Romelu Lukaku’s anonymous performance against Crystal Palace continued a difficult first season back at Chelsea following his club-record summer move.
The Belgium striker had just seven touches of the ball, a record low for a 90-minute Premier League appearance since Opta began collecting such data in 2003.
Having joined from Inter Milan, Lukaku’s impact has not been what Chelsea would have wished – here, the PA news agency analyses his season to date.
Don’t Luk now
Lukaku has scored only five league goals and 10 in all competitions, two of those coming at the recent Club World Cup.
A game and a half against Aston Villa account for three of his five in the league, while he also scored in wins over Arsenal and Brighton. He scored in both Champions League fixtures against Zenit St Petersburg and against Chesterfield in the FA Cup before netting against Al Hilal and Palmeiras in the intercontinental competition.
He has just one goal in 548 minutes against Chelsea’s fellow ‘big six’ Premier League clubs, that coming against the Gunners in his first appearance of the season.
While there is around a third of the season to go, with the Blues still active in four competitions including in Sunday’s Carabao Cup final, that contrasts markedly with Lukaku’s form in recent years.
Only in his disappointing final season at Manchester United, when he started in only 22 of his 32 Premier League appearances and scored 12 league goals and 15 in all, has his output dipped to a similar level.
Prior to that he scored 25, 26 and 27 goals in successive seasons for Everton and United, including a career-best 25 league goals for the Toffees in 2016-17, while his two years at Inter brought him 23 and 24 in Series A and his only 30-goal campaigns in all competitions.
In addition, Lukaku has not been credited with a single assist in any competition, though he did win the late penalty from which Jorginho rounded off a 3-1 Boxing Day win over Aston Villa.
The £97m super-sub?
Chelsea’s points-per-game total in the league with and without Lukaku in the side is identical at two points per game, though their goalscoring record paints him in a negative light.

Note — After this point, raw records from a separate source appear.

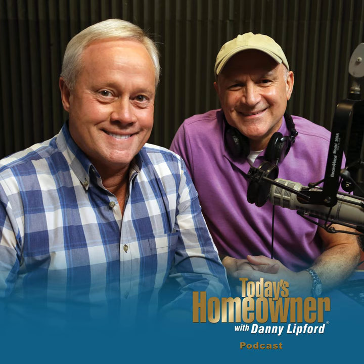Thank you so much for listening. If you have a question, send it to todayshomeowner.com/podcast. Please leave a great review to help build the audience so we can help as many homeowners as possible. I'm Danny Lipford along with my buddy Joe Truini — we'll see you soon.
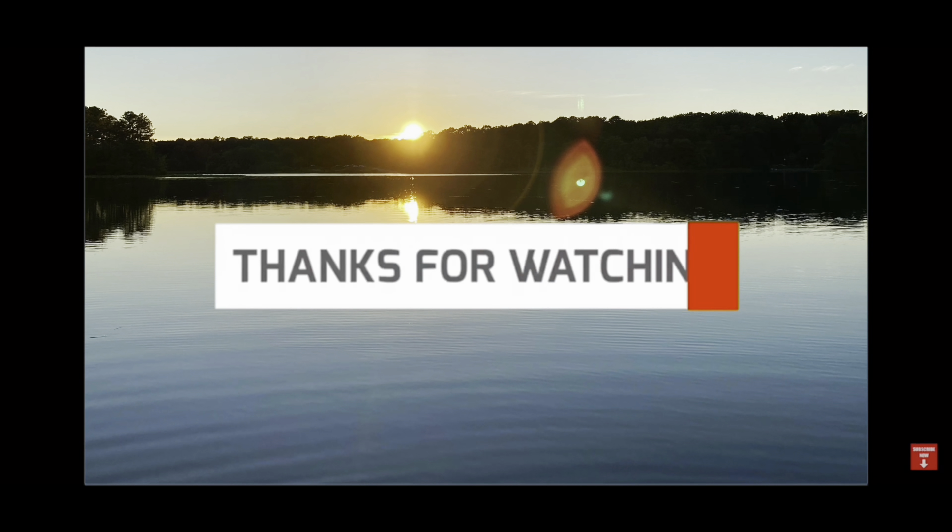That's about it, guys. This is the Mophys blind — I'll link it in the description so you can go right to Amazon and check it out with all the dimensions. An inexpensive blind with a ton of space inside, rows of loops so you can brush it in for complete concealment, and completely blacked out inside. Super important: wear black when in a blind. Great for hunting with kids, and perfect for areas where you don't have trees for a tree stand. Check it out — you will not be disappointed.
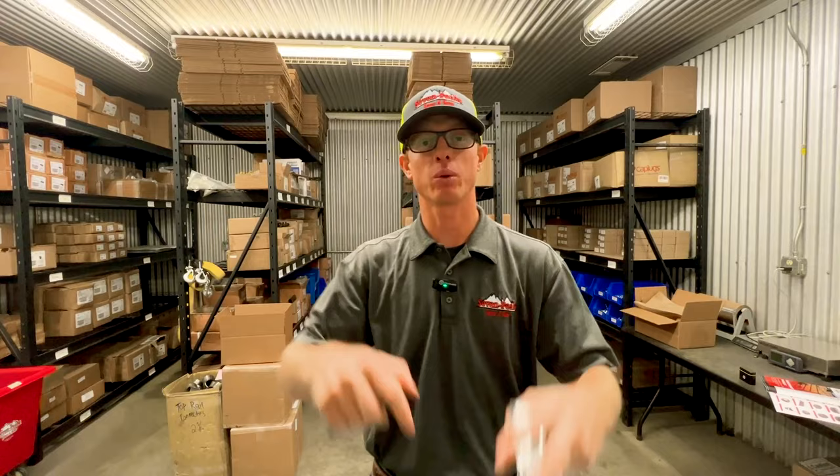Hey guys, today we're going to talk about our hardware here at Seven Peaks Fence Barn. Stay tuned, we're going to show you all about it.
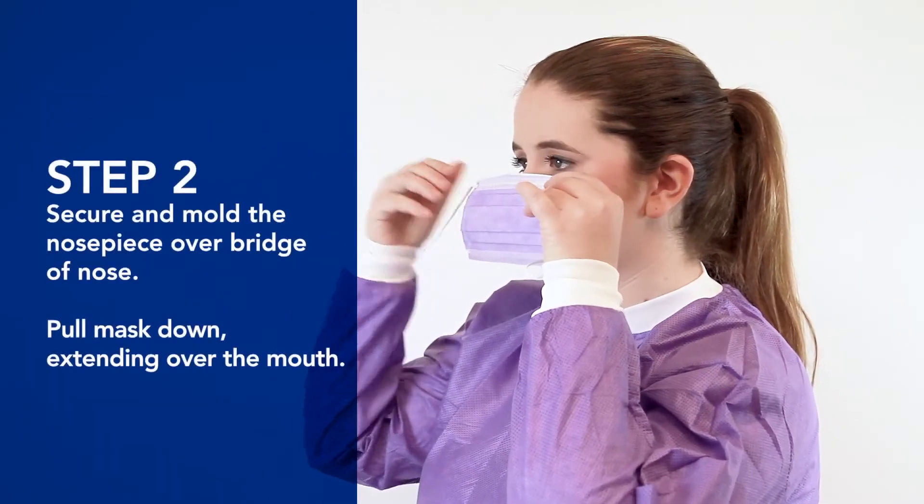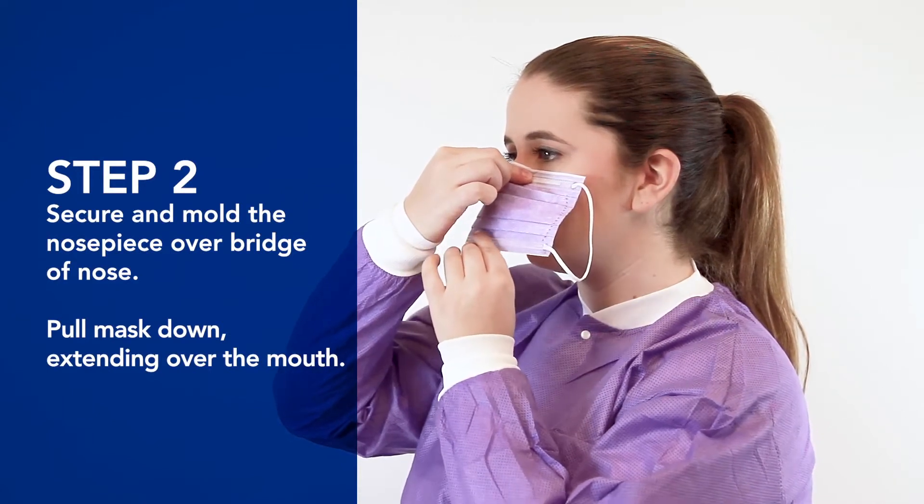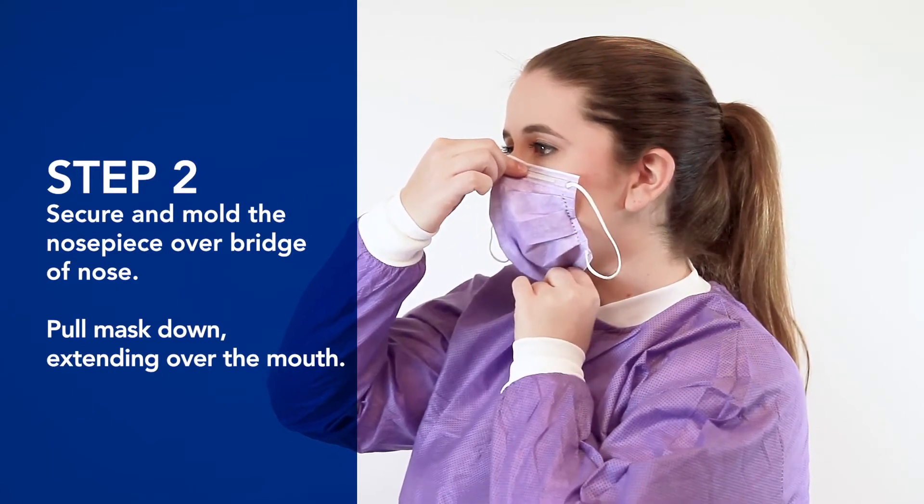Step 2: Secure and mold the nose piece over the bridge of your nose. From the bottom, pull the mask down, extending it over your mouth.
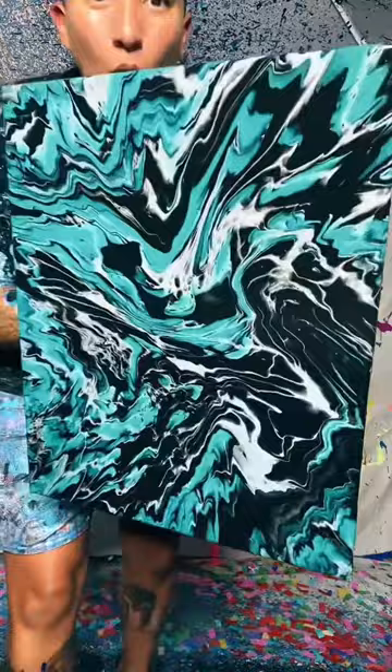Oh, that is beautiful. Look at that though — it looks like pure glass. That is so beautiful.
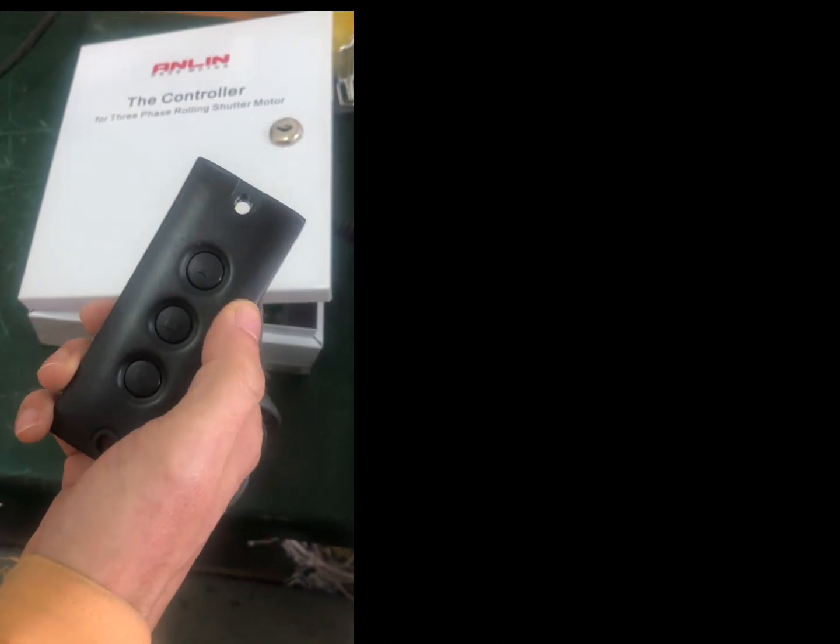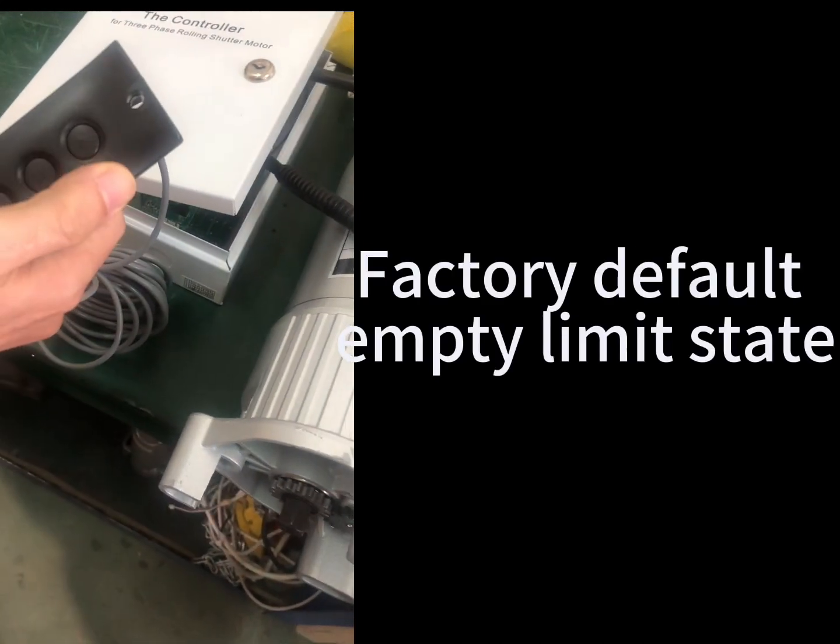Setting limits by manual button. Factory defaults, empty limit stays.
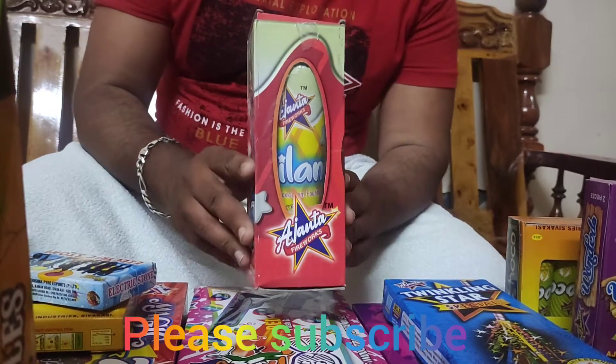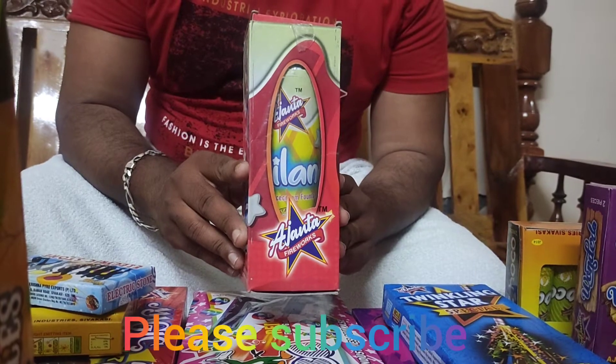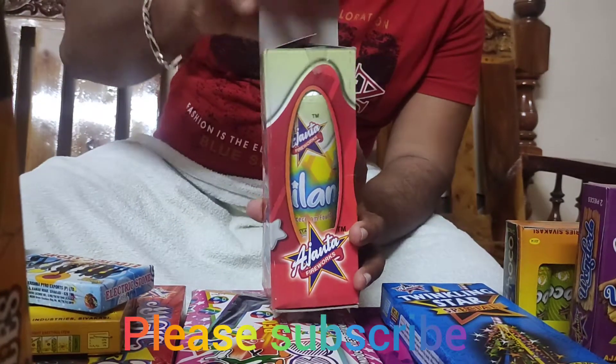Hi friends, now we are going to talk about Ajantha Pyrovexoda Melano Silver Ice Cream Fountain. This is a single piece of cake. Let's open it, unbox it.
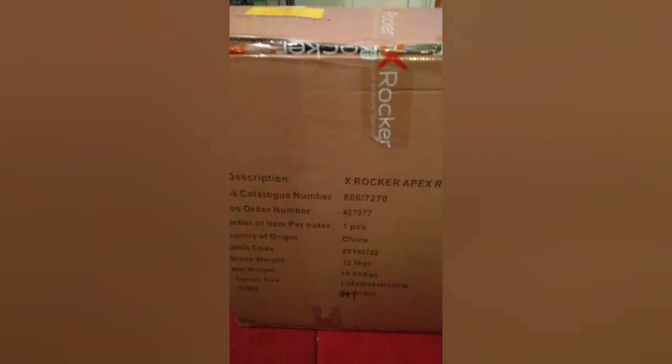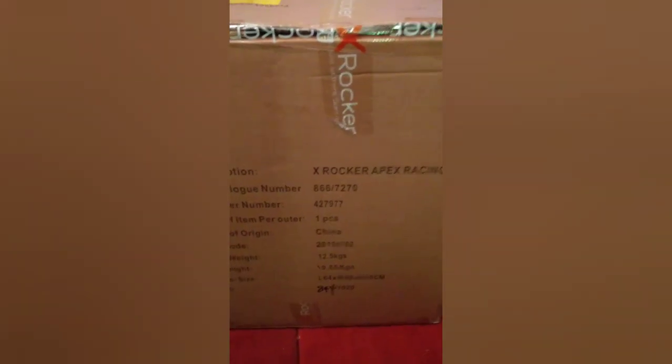Well here's the box. I had to get a taxi back from Argos — worth a bloody ton. I'm gonna crack this open and see where it goes. I'm doing this on my phone.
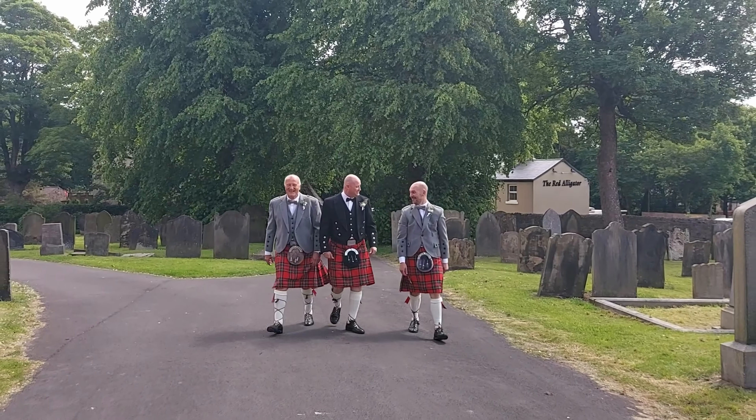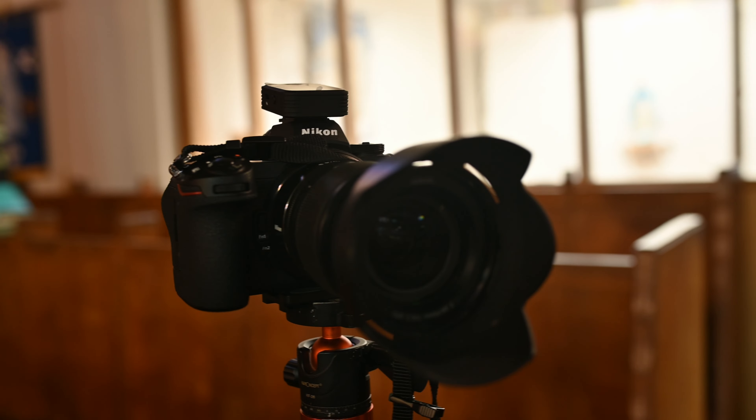So today I want to talk about the Nikon Z6 II. For the few people that know me, my name is Ian and I am a wedding photographer. I shoot weddings on a pair of Nikon Z6 IIs, and the purpose of this video is just to show you how I have my Z6 II set up for wedding photography.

They have scored a goal every 53.5 minutes with him on the field, 22 in 1,137 minutes, and one every 39.7 minutes without him – 27 in 1,073 minutes.
Those figures are heavily influenced by one particular game, October 23rd’s 7-0 win over Norwich which was aided by an own goal, a penalty and Ben Gibson’s red card, but demonstrate that Lukaku has not been a difference-maker.
Interestingly, he has often affected the game when coming on as a substitute – Chelsea’s winners against Watford and Leeds in December came shortly after his introduction, albeit without him contributing directly, while against Villa he scored and won that late penalty having been introduced at half-time with the score at 1-1.
On the flip side, his other half-time appearance against West Ham saw Chelsea let a 2-1 lead slip to lose 3-2 – and in any case, it would be fair to assume Roman Abramovich, Thomas Tuchel and co were not shopping for a £97 million (€116 million) impact substitute in the summer.